African Union leaders are holding an extraordinary summit Friday to discuss the continent's relationship with the court, with some leaders and diplomats pressing them to sever their ties.

Mr. Annan, who is from Ghana, spoke out Monday night as he delivered the annual Desmond Tutu peace lecture in Cape Town, South Africa. "If they fight the ICC, vote against the ICC, withdraw their cases, it will be a badge of shame for each and every one of them and for their countries," the former United Nations secretary said.

His speech came as 142 African human rights and activist groups also called upon the leaders to support the Hague-based court. "We believe any withdrawal from the ICC would send the wrong signal about Africa's commitment to protect and promote human rights and reject impunity," the organizations said in a letter to African Union foreign ministers Monday.

The ICC is facing its toughest test with the trials of Kenyan President Uhuru Kenyatta and Deputy President William Ruto for crimes against humanity in the ethnic violence that followed a disputed 2007 election. Mr. Ruto is on trial now, and Mr. Kenyatta's trial is scheduled to begin next month.

Mr. Kenyatta and Mr. Ruto, elected in March despite the ICC indictments, have promised to cooperate with the court. But Kenya's Parliament has voted to withdraw from the court, and Kenyan politicians have pushed for other African nations to withdraw from it en masse, a move that could shred the ICC's credibility.

Mr.
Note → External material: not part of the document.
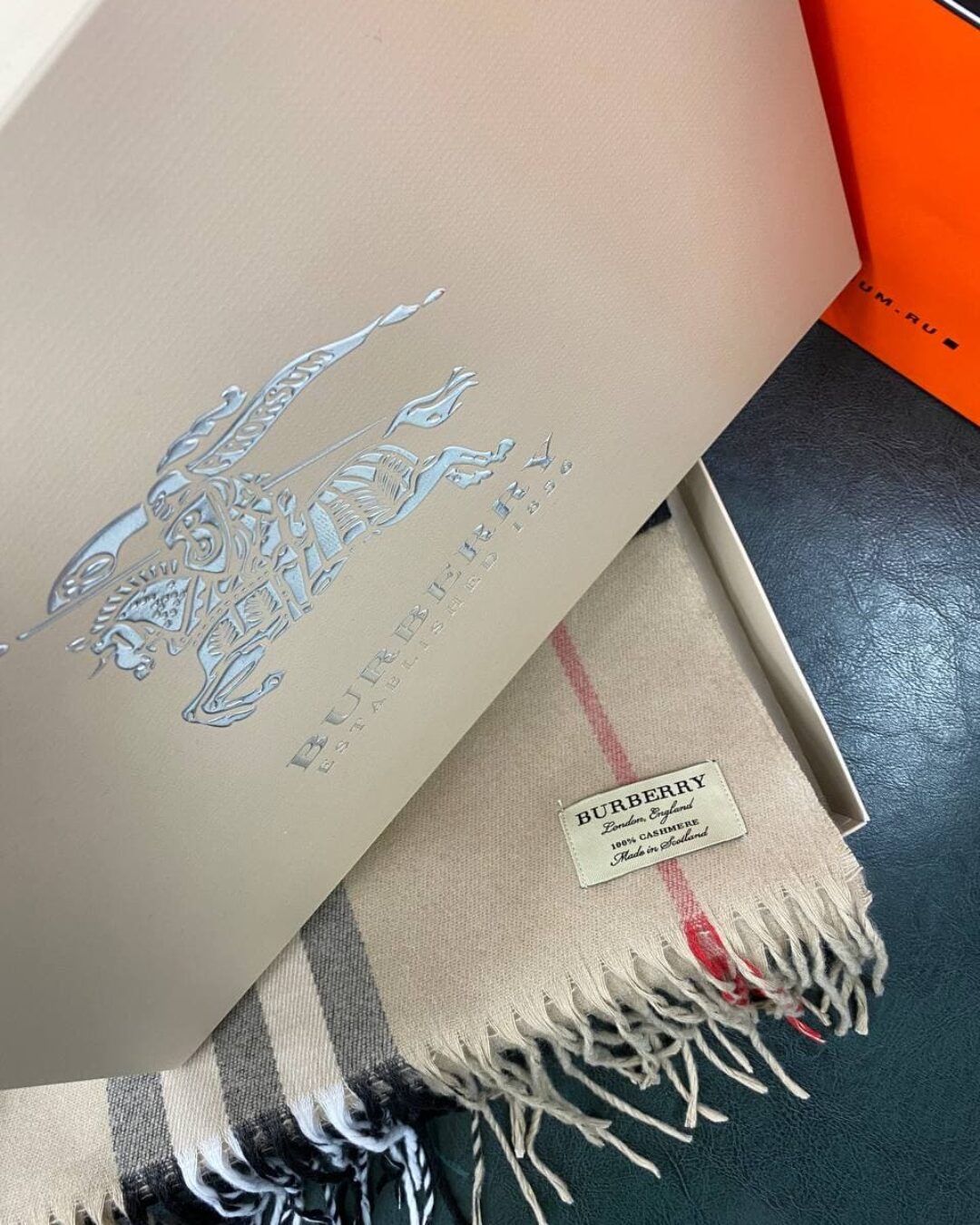 Шарф Burberry — изображение 3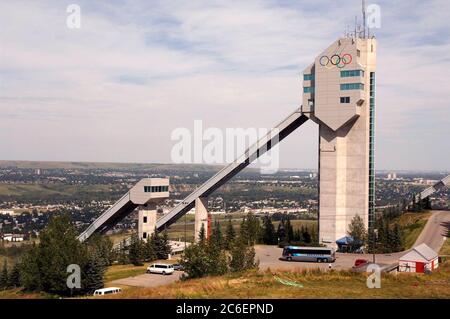 Calgary, Alberta, KANADA 27. Juli 2005: Die 90 Meter lange Skisprungplattform im Canada Olympic Park ist im Sommer ein Wahrzeichen der Touristen in Calgary. Es wurde für die Olympischen Winterspiele 1988 gebaut. ©Bob Daemmrich Stockfoto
Annan said the court was a last resort after African governments failed to deliver justice for heinous crimes against humanity. And he rejected criticisms some have levied, notably in Kenya, that ICC trials could undermine peace and stability.

"On a continent that has experienced deadly conflict, gross violations of human rights, even genocide, I am surprised to hear critics ask whether the pursuit of justice might obstruct the search for peace," Mr. Annan said.

The ICC also has been accused of anti-African bias, with all its cases so far mounted against Africans. Prominent critics include Ugandan President Yoweri Museveni and Ethiopian Prime Minister Hailemariam Desalegn. Ethiopian Foreign Affairs spokesman Dina Mufti last week said the ICC cases against African leaders were politically motivated, and that an international court conflicts with the African Union principle of African solutions for African problems.